In aggregate, these preclinical experiments suggest that therapeutic strategies aimed at removal of procoagulant brain-derived microvesicles would have merit in preventing severe coagulopathy in patients with TBI, with potentially substantial effects on outcome. Because lactadherin is an endogenous protein, infusion of lactadherin concentrates might be a feasible clinical strategy. What steps are required before such a strategy is ready to be tested clinically? First, additional studies on the therapeutic effects of lactadherin in this model will be required to assess whether administration of lactadherin after the brain injury will improve not only coagulopathy but also outcome. Second, studies on the clinical relevance of brain-derived microvesicles in humans should be performed. A recent small study found increased levels of brain-derived microvesicles in plasma from patients after TBI compared with controls.10  However, the increase in levels appears much more modest in humans than in the mouse model.
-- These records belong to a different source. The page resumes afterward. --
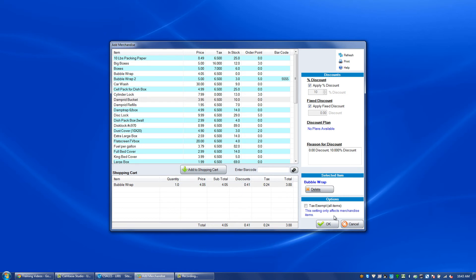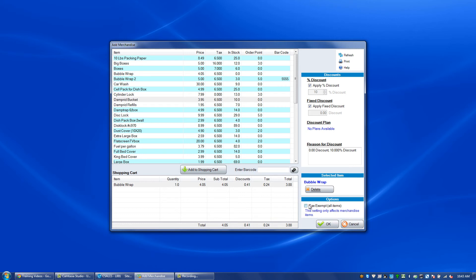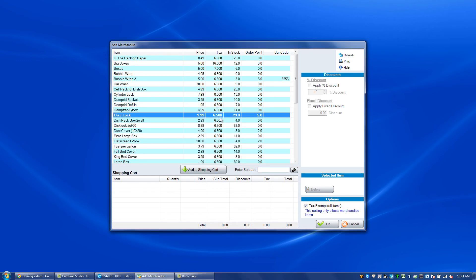If the person is a tax-exempt individual, we can click tax-exempt. Changing the tax-exempt status will remove any tax items already in the shopping cart and will remove the tax from any items subsequently added to the transaction. Are you sure you want to proceed? Yes. So once we do that, we can click an item and there will be no tax.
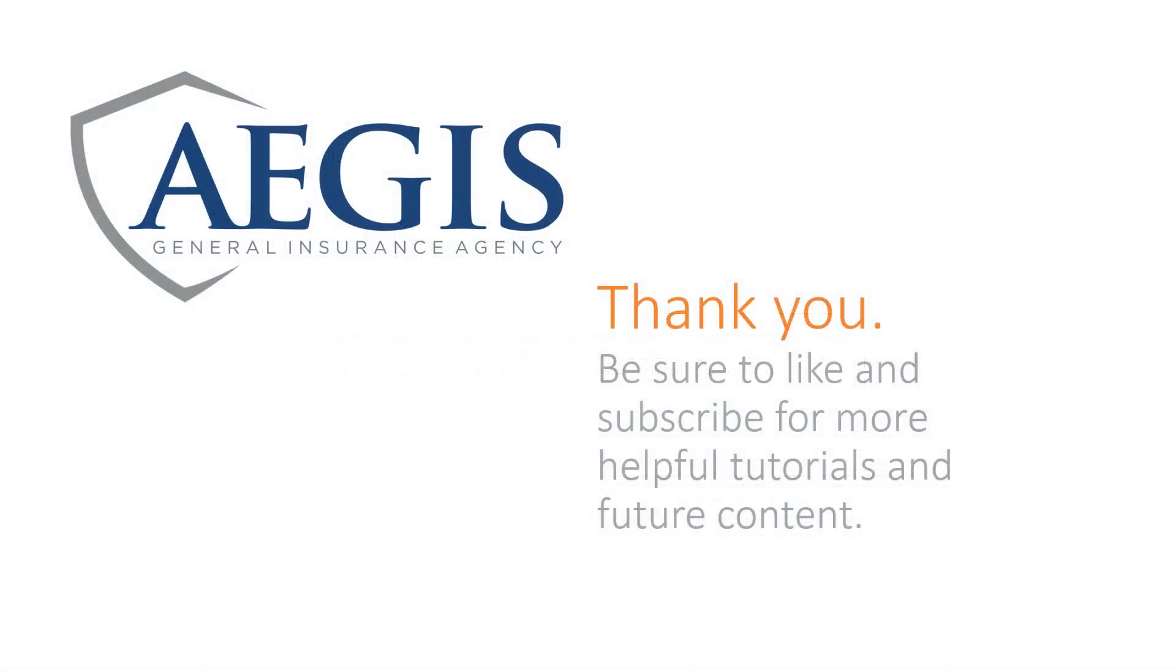Thank you so much for watching. Be sure to like and subscribe for more helpful tutorials and future content from Aegis General.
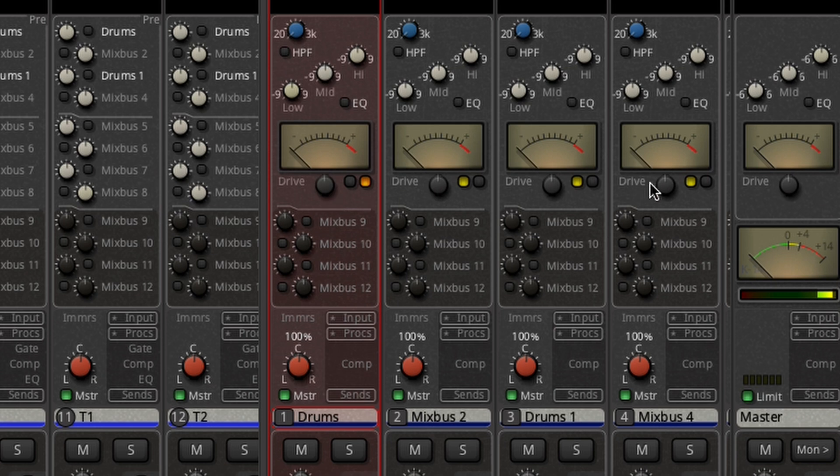I can move over to the stereo bus and do the same thing. What I found personally is that I could start getting analog sounding mixes very quickly with just the touch of a couple buttons. I could also work very quickly by not creating knobs or inserts because they were already there.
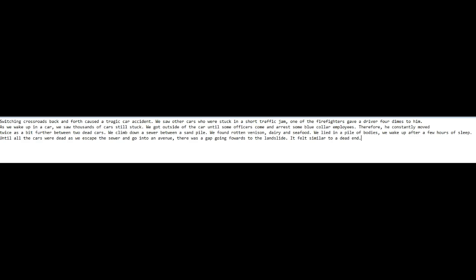We saw other cars who were stuck in a short traffic trap. One of the firefighters gave a driver four times to him. As we wake up in the car, we saw thousands of cars still stuck.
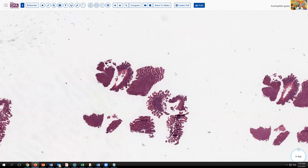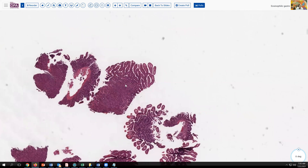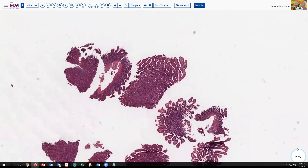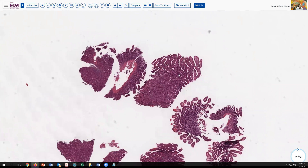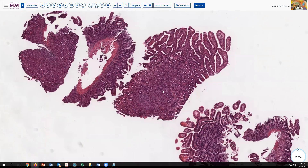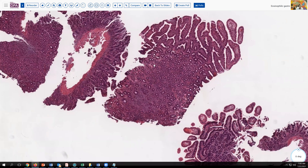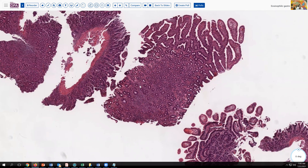At the time of the endoscopy, they find a few areas of erosive change. Here's one of them. This is a small bowel biopsy. We see the villus architecture here in several of these fragments. But notice that in this fragment, we're losing some of the architecture, and even though we're cut on a bit of a bias, we have some sort of erosive changes.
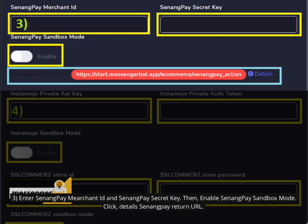3. Enter SenangPay Merchant ID and SenangPay secret key. Then, enable SenangPay sandbox mode. Click Details SenangPay return URL.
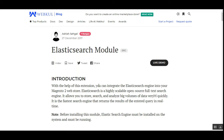Hello and welcome to this new video tutorial of the Magento 2 Elasticsearch module. Today we'll be showing you how, by making use of this particular extension, you would be able to integrate the Elasticsearch engine within your Magento 2 web store. Elasticsearch is a highly scalable open-source full-text search and analytics engine that allows you to store, search, and analyze big volumes of data quickly and in real time. It is generally used as the underlying engine or technology that powers applications that have complex search features and requirements.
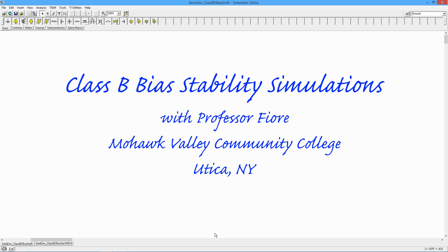Greetings folks, it's Professor Fiore back once again to help you with your electronics. In today's video we're going to take a look at Class B amplifiers and bias stability.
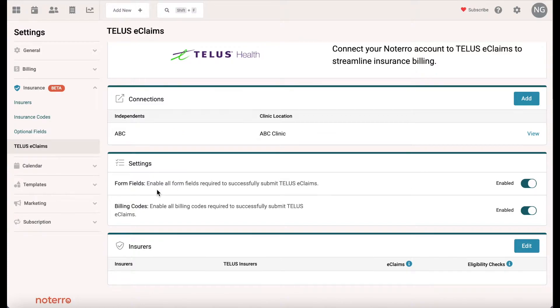When you are processing claims, these form fields are specific to insurance policies that you'll be adding to patient or client accounts. You'll want to make sure this is turned on. In billing codes, you also want to make sure this is turned on.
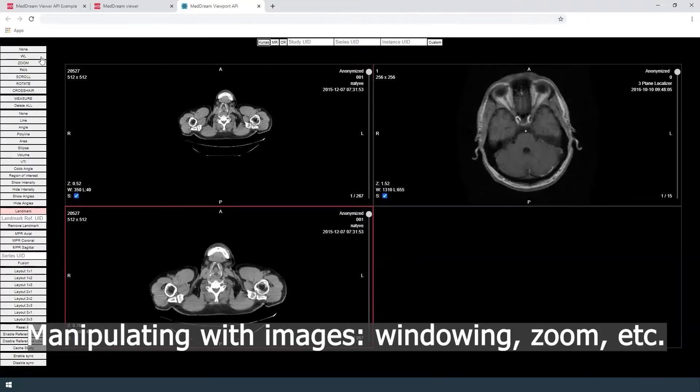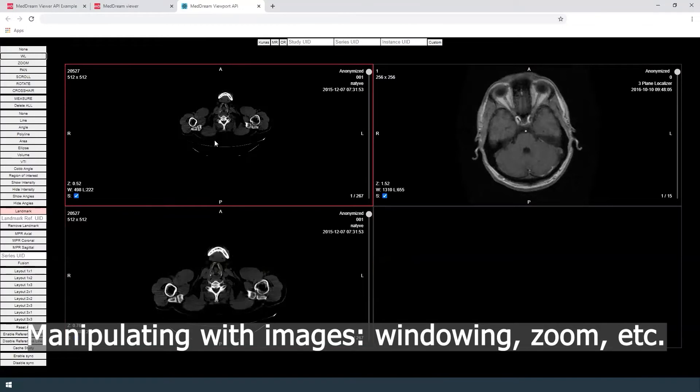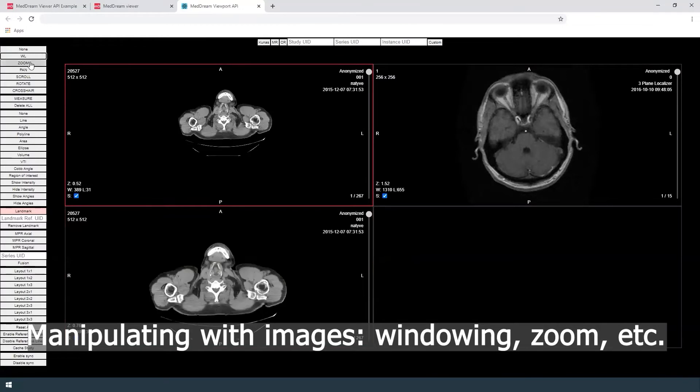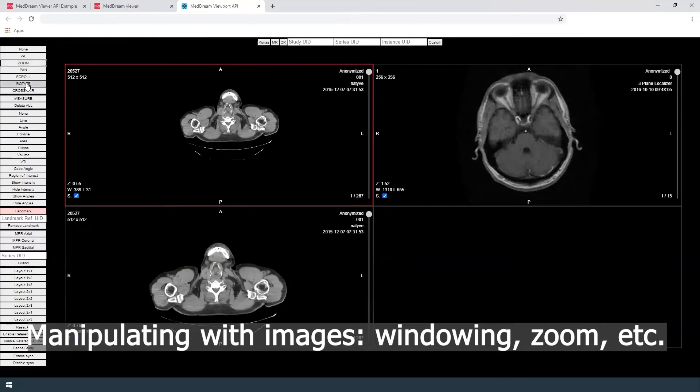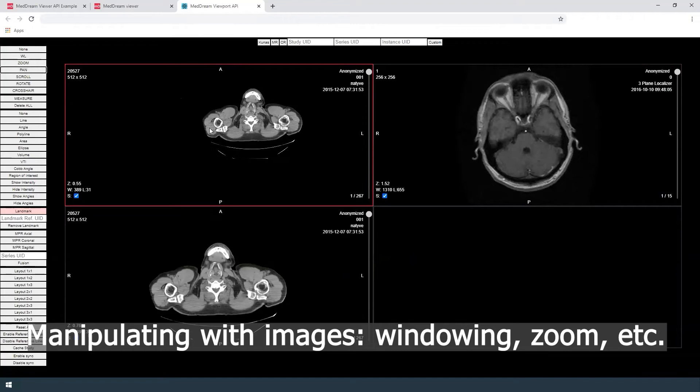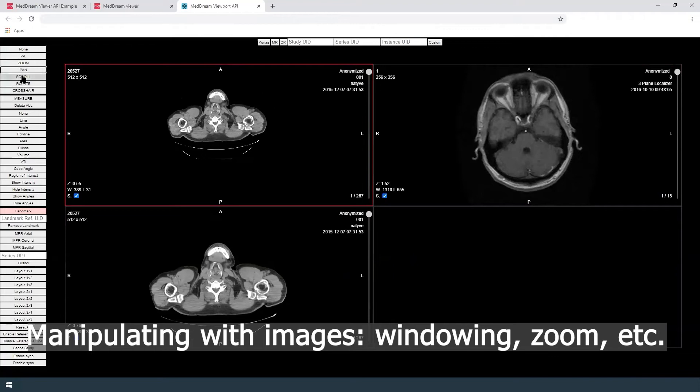The user can manipulate images, for example change windowing, zoom, pan, scroll, rotate, etc.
Larger human studies assessing a relation between brain-derived microvesicle level and outcome, and studies on the thrombogenicity of human brain-derived microvesicles will be of interest. Third, although the mode of action of lactadherin to prevent TBI-induced coagulopathy was shown to involve microvesicle clearance, a second biological effect of lactadherin in circulation is a direct anticoagulant effect.8  This anticoagulant effect may overrule the beneficial effects of microvesicle clearance, potentially leading to aggravation of TBI-induced bleeding. Notwithstanding these hurdles, the series of studies performed by this laboratory on the causes and potential treatment options of TBI-associated coagulopathy in mice has provided exciting new insight in the pathogenesis of the poorly understood hemostatic changes in these patients. The concept of removal of pathogenic brain-derived microvesicles to prevent or halt coagulopathy, which results in improved outcome, is exciting and will hopefully receive attention in the clinical arena.

Conflict-of-interest disclosure: The author declares no competing financial interests.